▸ **Work instruction**
Only the lines from the one that includes "TEMU 럭셔리 패션" through the last line below belong in the reply, copied exactly and without pictures.

(Image-caption web data)
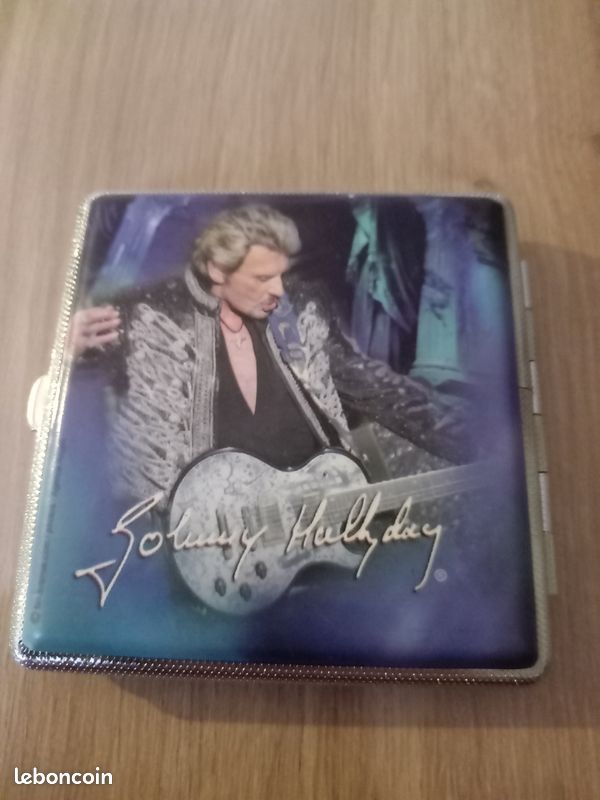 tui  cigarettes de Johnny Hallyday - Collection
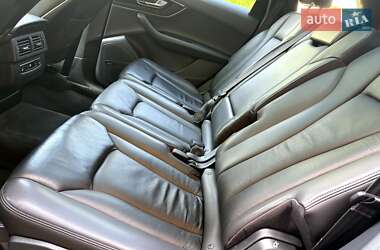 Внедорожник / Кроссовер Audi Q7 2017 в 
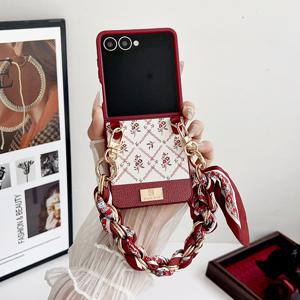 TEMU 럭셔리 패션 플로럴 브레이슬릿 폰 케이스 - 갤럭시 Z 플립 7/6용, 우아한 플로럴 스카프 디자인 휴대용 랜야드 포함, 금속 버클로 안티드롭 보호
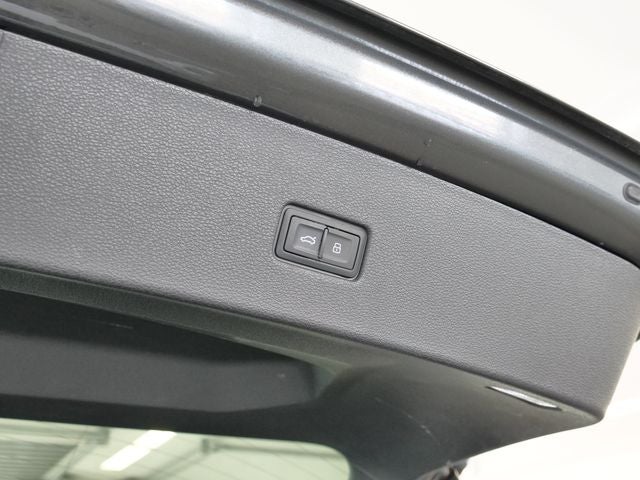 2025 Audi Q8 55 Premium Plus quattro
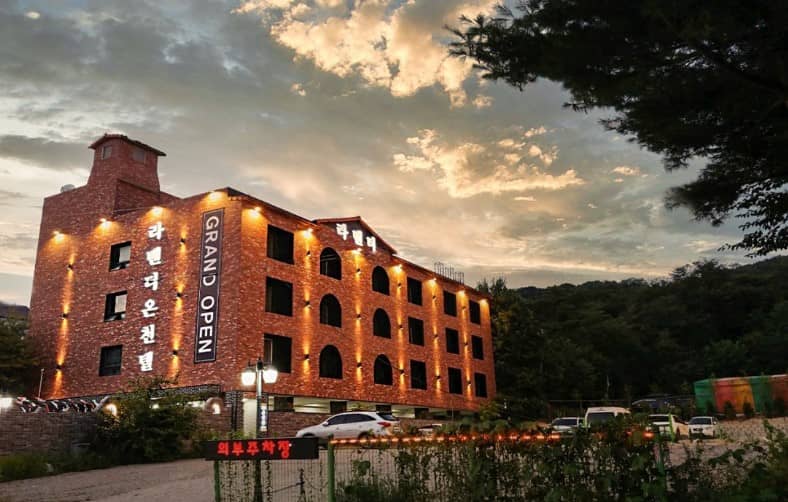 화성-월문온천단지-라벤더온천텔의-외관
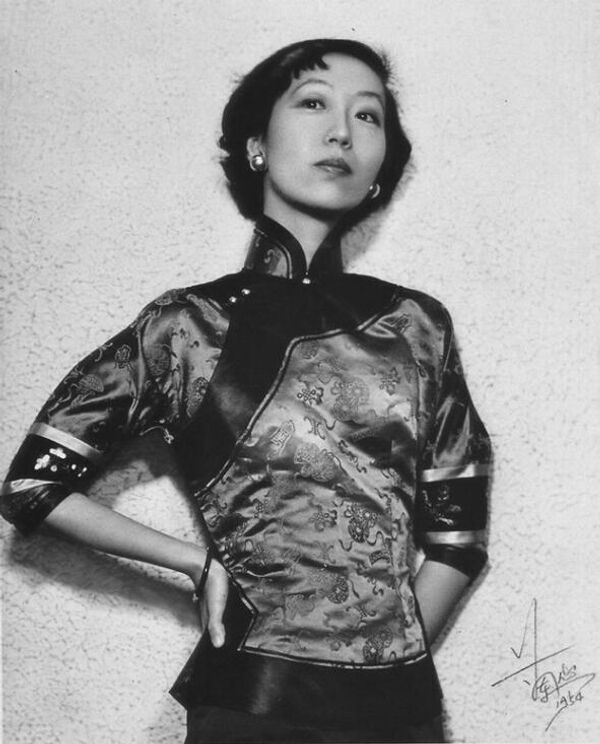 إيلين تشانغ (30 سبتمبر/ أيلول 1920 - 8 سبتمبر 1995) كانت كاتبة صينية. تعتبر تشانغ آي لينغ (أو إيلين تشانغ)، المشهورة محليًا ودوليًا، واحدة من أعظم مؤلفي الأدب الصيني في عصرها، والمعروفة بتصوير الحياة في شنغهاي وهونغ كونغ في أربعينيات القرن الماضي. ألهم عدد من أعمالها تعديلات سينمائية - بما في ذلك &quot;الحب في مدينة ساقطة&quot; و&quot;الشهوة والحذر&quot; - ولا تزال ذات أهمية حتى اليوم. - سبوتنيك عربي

▸ **Completed exercise**
 TEMU 럭셔리 패션 플로럴 브레이슬릿 폰 케이스 - 갤럭시 Z 플립 7/6용, 우아한 플로럴 스카프 디자인 휴대용 랜야드 포함, 금속 버클로 안티드롭 보호
 2025 Audi Q8 55 Premium Plus quattro
 화성-월문온천단지-라벤더온천텔의-외관
 إيلين تشانغ (30 سبتمبر/ أيلول 1920 - 8 سبتمبر 1995) كانت كاتبة صينية. تعتبر تشانغ آي لينغ (أو إيلين تشانغ)، المشهورة محليًا ودوليًا، واحدة من أعظم مؤلفي الأدب الصيني في عصرها، والمعروفة بتصوير الحياة في شنغهاي وهونغ كونغ في أربعينيات القرن الماضي. ألهم عدد من أعمالها تعديلات سينمائية - بما في ذلك &quot;الحب في مدينة ساقطة&quot; و&quot;الشهوة والحذر&quot; - ولا تزال ذات أهمية حتى اليوم. - سبوتنيك عربي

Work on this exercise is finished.